• _SUPPLIED RECORDS_
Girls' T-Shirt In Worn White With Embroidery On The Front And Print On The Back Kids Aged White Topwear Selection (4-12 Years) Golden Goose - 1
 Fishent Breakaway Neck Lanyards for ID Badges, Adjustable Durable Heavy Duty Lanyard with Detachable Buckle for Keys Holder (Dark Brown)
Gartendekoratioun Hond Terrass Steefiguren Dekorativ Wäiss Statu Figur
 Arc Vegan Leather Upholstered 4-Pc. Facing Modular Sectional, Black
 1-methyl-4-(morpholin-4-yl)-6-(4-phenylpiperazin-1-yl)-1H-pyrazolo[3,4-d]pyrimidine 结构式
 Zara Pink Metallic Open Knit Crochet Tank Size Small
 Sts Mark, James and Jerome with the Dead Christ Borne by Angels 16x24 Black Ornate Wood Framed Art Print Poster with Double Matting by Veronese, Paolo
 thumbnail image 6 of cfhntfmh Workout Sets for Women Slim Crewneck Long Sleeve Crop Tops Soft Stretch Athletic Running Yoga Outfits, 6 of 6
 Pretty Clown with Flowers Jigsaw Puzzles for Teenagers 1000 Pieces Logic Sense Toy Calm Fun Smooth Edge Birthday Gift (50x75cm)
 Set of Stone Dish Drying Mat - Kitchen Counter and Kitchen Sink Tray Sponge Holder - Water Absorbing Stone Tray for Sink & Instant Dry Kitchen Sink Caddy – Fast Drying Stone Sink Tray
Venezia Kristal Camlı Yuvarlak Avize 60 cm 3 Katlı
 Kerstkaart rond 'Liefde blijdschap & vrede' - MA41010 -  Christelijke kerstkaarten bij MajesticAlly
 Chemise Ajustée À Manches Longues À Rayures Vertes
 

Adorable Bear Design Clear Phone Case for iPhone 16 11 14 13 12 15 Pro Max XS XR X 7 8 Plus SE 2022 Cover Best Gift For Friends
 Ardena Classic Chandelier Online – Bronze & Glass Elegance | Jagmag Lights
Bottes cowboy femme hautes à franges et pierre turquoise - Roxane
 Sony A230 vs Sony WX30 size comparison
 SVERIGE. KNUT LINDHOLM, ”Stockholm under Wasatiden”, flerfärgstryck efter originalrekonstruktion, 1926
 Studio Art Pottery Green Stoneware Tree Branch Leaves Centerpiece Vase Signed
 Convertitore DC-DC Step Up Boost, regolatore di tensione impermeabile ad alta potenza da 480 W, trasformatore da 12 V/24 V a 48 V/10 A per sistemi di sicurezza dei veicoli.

• _PROBLEM TO WORK ON_
In the listing above, find the line with "Chemise Ajustée À" and the line with "Sony A230 vs Sony WX30 size comparison"; output exactly those lines and all lines between them.

• _WRITTEN SOLUTION_
 Chemise Ajustée À Manches Longues À Rayures Vertes
 

Adorable Bear Design Clear Phone Case for iPhone 16 11 14 13 12 15 Pro Max XS XR X 7 8 Plus SE 2022 Cover Best Gift For Friends
 Ardena Classic Chandelier Online – Bronze & Glass Elegance | Jagmag Lights
Bottes cowboy femme hautes à franges et pierre turquoise - Roxane
 Sony A230 vs Sony WX30 size comparison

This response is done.